— INFORMATION PROVIDED —
= = =

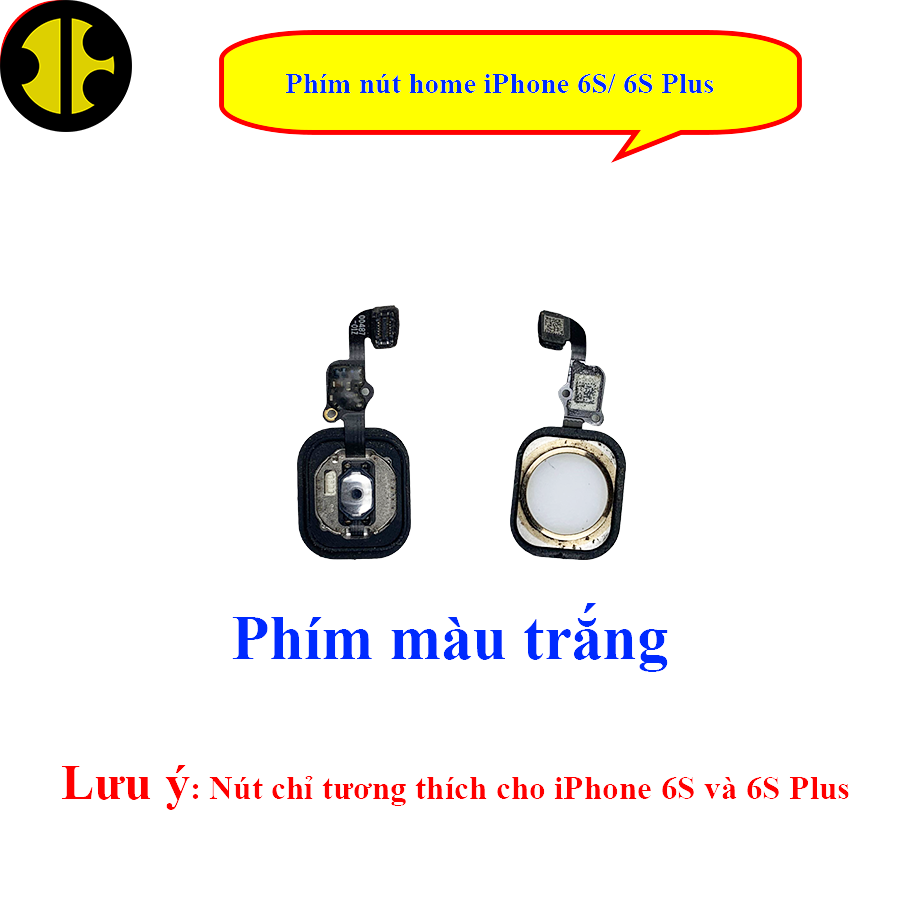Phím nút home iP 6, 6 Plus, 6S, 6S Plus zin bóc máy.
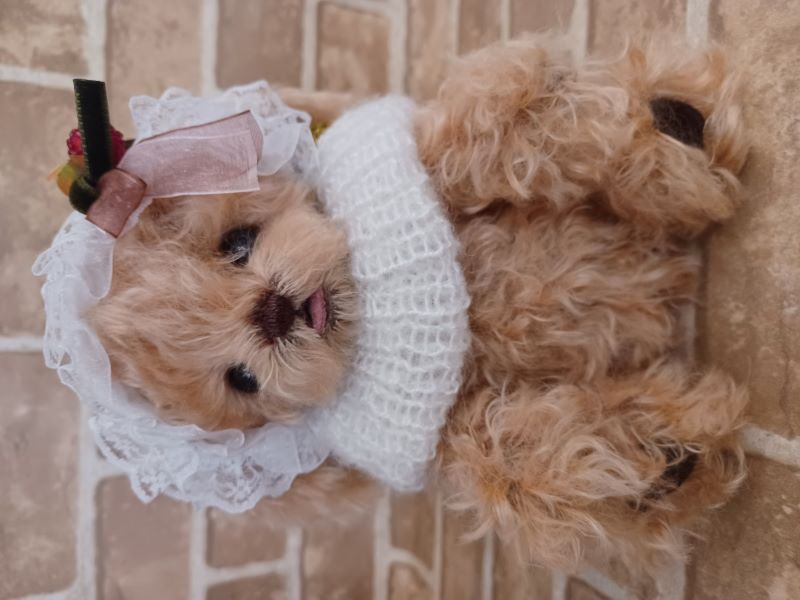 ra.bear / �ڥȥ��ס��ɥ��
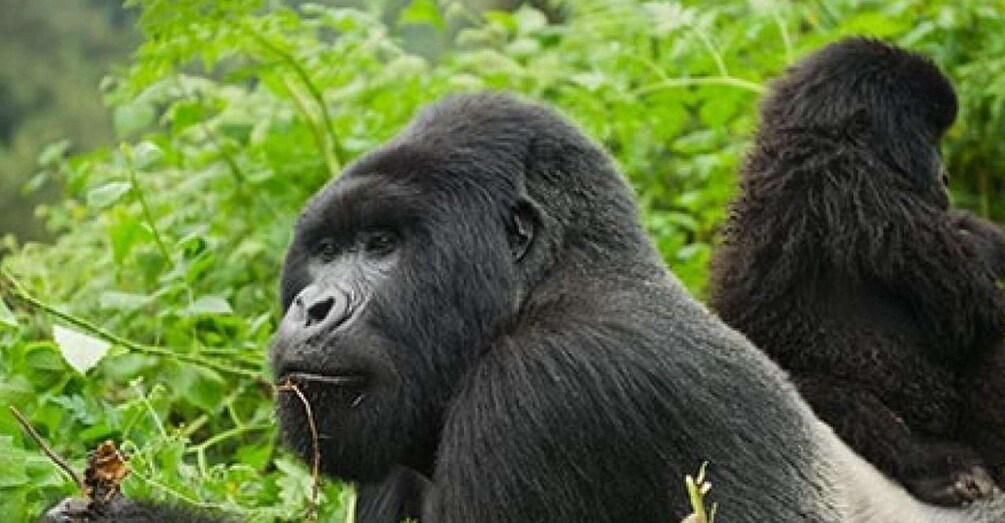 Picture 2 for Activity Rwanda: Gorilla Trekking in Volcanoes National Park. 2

= = =

— TASK INSTRUCTIONS —
Return the material word for word. Pictures are not part of the copy.

— FINAL ANSWER —
Phím nút home iP 6, 6 Plus, 6S, 6S Plus zin bóc máy.
 ra.bear / �ڥȥ��ס��ɥ��
 Picture 2 for Activity Rwanda: Gorilla Trekking in Volcanoes National Park. 2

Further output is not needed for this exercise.